» Collected data
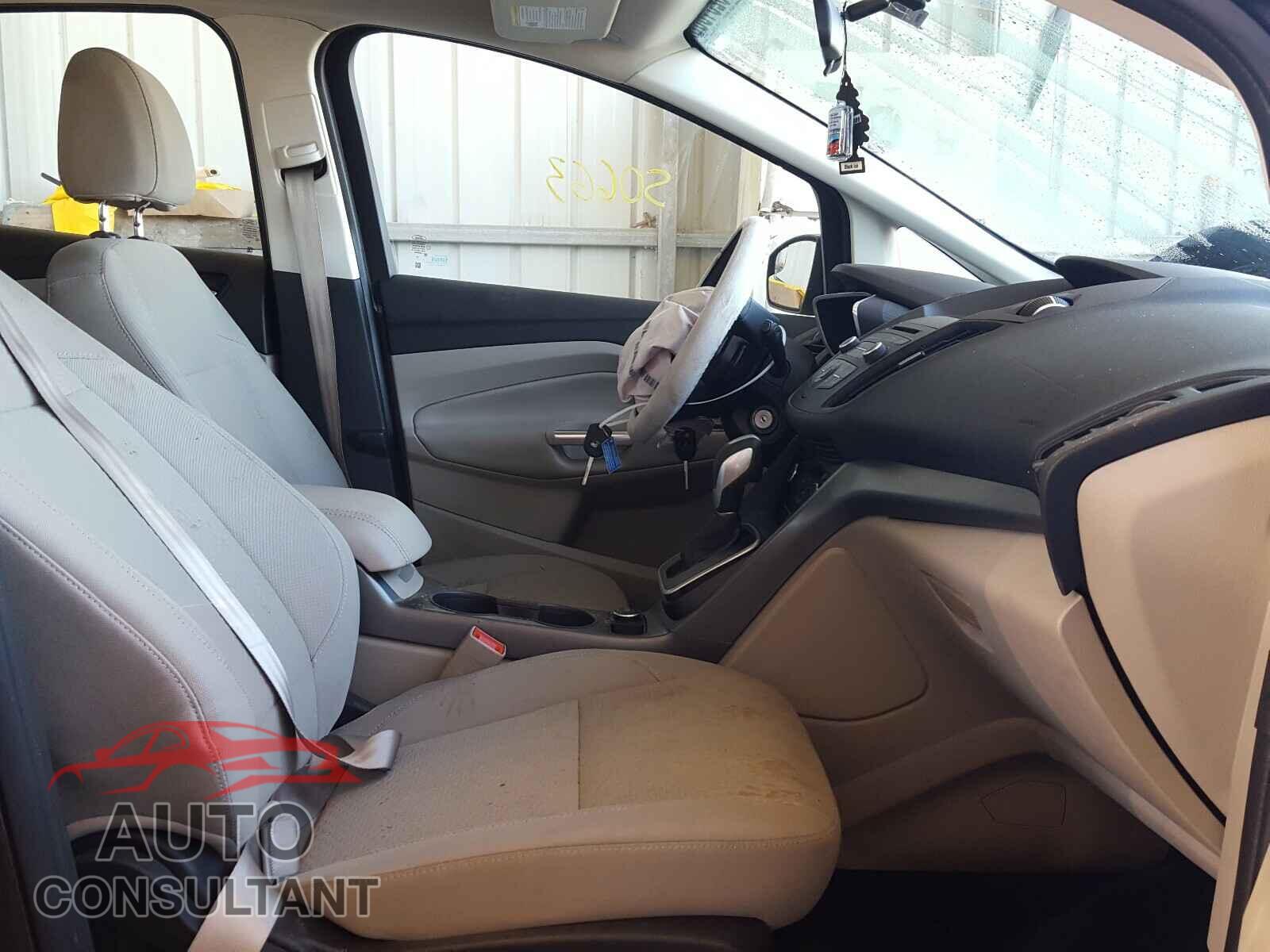 FORD CMAX 2017 - 1FADP5AU3HL104185
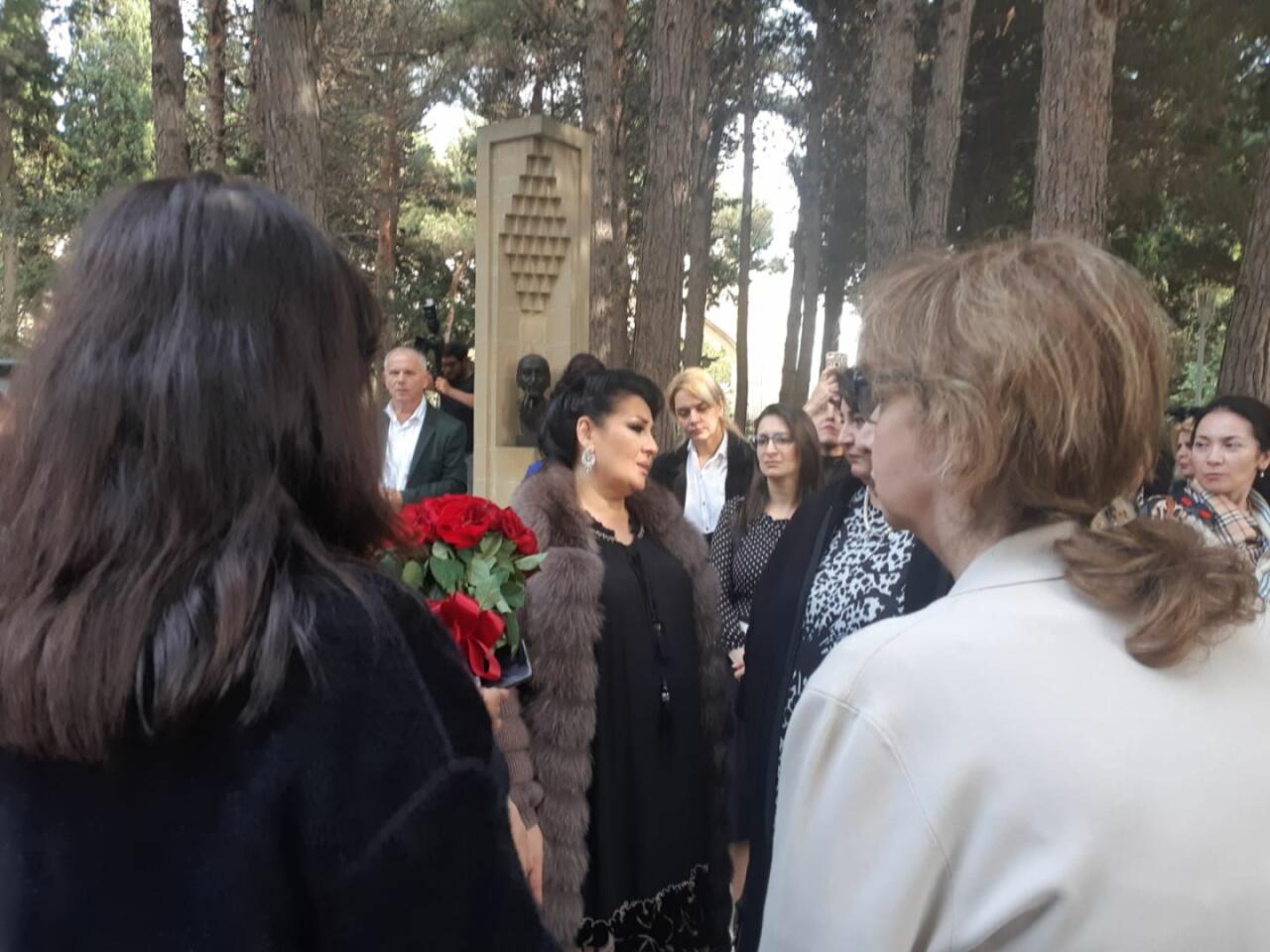 100-летие Шовкет Алекперовой – деятели культуры почтили память народной артистки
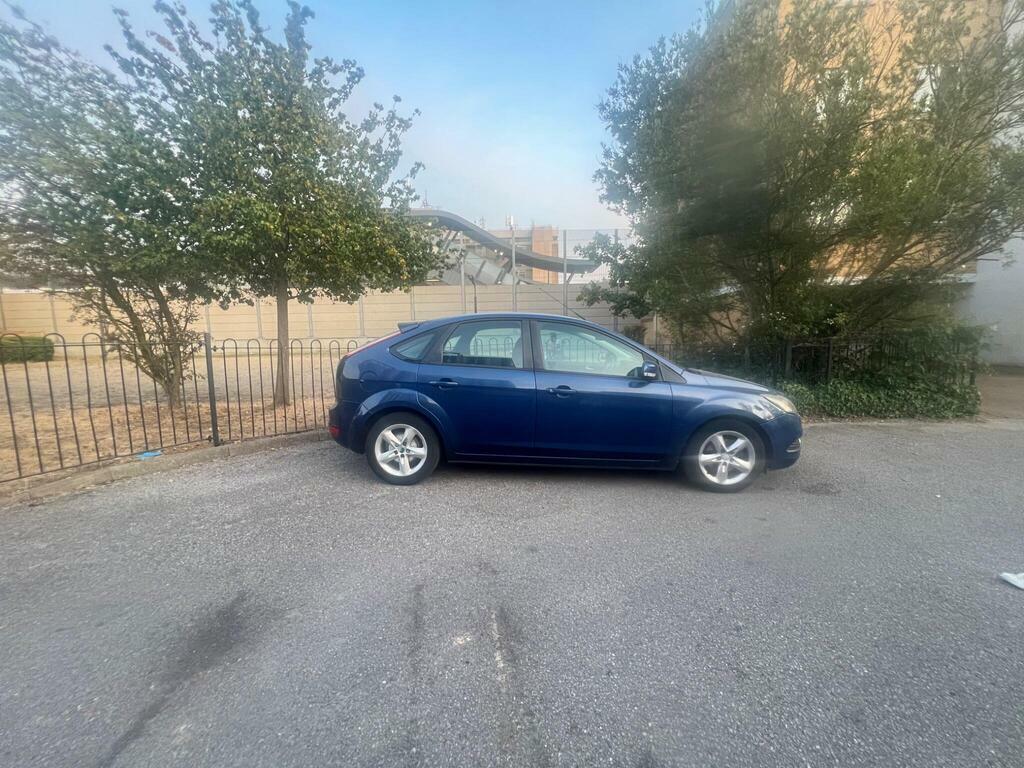 Ford Focus 1.6 Zetec Hatchback 161 Gkm, 9 Grey #13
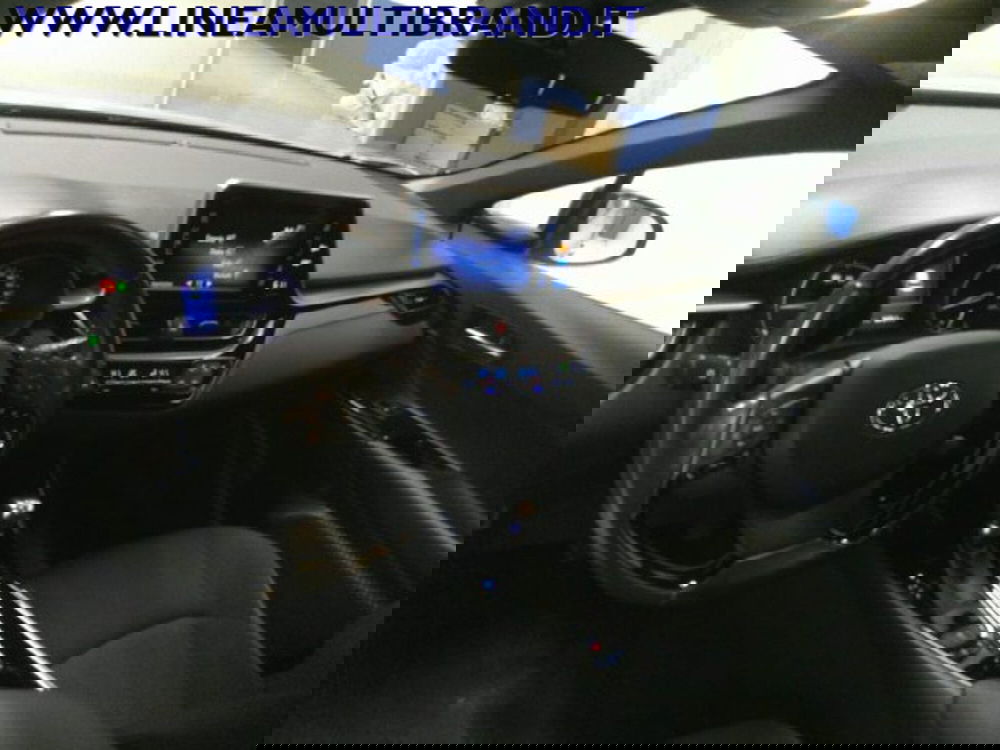 Toyota Toyota C-HR usata a Piacenza (16)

» Work item
No pictures should appear in the copy. Reproduce exactly the lines from the line containing "Ford Focus 1.6" through the last line of the data, inclusive.

» Solution to this exercise
 Ford Focus 1.6 Zetec Hatchback 161 Gkm, 9 Grey #13
 Toyota Toyota C-HR usata a Piacenza (16)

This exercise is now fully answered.